◆ **Description of the task**: Your answer should be every line from the records that contains "sink".

[Items from a dataset]
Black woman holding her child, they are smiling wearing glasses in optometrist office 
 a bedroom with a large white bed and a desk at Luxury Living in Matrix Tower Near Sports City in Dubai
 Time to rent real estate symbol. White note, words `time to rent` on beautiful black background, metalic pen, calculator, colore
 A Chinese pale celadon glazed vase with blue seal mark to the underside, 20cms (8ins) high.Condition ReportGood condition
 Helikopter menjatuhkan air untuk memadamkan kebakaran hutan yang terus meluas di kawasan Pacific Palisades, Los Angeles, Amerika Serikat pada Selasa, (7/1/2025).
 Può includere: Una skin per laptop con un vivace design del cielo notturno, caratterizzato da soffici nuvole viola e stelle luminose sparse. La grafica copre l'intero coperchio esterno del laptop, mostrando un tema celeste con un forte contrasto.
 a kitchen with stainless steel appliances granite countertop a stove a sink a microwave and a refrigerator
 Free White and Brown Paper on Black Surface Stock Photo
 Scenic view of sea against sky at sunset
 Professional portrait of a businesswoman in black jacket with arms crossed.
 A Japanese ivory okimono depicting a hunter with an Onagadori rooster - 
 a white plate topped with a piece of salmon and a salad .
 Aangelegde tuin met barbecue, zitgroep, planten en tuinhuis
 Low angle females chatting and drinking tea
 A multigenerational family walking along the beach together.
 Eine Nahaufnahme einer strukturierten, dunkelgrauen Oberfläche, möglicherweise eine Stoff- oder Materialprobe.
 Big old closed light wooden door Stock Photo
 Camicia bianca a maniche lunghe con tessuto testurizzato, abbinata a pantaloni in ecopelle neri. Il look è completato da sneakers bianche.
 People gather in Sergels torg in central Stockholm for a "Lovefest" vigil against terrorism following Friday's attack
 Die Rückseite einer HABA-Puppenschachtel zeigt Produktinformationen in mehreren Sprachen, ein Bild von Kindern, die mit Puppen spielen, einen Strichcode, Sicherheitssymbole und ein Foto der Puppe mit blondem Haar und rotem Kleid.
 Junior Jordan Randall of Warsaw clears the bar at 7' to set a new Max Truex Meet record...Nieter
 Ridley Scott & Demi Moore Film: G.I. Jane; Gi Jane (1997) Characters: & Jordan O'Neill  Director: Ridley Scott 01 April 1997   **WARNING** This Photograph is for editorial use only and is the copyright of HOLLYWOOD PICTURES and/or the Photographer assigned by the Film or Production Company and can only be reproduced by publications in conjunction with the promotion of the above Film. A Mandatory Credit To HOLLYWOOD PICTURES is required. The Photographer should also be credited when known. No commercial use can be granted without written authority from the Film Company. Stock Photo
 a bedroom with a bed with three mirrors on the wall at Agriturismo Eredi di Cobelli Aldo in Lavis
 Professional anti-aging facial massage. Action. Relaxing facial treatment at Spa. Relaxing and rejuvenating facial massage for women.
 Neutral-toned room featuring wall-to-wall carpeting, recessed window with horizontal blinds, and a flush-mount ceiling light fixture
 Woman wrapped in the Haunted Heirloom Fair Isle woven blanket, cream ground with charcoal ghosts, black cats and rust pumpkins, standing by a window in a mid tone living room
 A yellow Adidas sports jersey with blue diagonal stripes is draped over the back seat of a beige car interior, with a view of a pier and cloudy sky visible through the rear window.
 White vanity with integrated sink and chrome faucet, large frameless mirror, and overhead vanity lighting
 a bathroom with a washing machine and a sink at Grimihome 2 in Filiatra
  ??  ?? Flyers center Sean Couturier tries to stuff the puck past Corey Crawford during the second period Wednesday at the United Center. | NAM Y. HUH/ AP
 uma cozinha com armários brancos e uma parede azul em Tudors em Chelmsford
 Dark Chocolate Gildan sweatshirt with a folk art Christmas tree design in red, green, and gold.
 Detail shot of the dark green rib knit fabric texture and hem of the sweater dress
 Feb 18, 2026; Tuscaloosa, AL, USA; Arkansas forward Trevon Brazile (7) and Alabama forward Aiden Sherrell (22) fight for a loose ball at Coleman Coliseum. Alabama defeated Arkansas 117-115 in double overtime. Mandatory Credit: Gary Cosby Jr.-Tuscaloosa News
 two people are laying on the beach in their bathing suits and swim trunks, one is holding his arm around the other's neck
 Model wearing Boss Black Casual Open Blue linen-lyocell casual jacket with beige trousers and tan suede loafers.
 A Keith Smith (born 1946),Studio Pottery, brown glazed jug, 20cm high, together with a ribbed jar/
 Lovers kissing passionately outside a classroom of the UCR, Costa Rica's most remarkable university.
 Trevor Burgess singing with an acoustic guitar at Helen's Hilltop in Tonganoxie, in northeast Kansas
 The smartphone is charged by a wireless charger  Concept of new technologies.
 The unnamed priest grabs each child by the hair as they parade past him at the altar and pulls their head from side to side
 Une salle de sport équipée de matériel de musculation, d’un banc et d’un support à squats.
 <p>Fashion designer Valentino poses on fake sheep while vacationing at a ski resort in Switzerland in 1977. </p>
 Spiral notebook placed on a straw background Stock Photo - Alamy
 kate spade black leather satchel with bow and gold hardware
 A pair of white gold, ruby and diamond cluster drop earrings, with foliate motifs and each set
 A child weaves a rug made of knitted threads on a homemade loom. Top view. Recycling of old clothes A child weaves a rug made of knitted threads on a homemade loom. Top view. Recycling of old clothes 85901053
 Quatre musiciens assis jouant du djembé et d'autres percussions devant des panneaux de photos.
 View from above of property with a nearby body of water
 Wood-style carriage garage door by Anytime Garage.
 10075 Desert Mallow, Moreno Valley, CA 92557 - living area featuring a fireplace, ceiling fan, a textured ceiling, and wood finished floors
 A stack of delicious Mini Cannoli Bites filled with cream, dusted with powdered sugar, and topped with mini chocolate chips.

◆ **Exercise result**:
 a kitchen with stainless steel appliances granite countertop a stove a sink a microwave and a refrigerator
 White vanity with integrated sink and chrome faucet, large frameless mirror, and overhead vanity lighting
 a bathroom with a washing machine and a sink at Grimihome 2 in Filiatra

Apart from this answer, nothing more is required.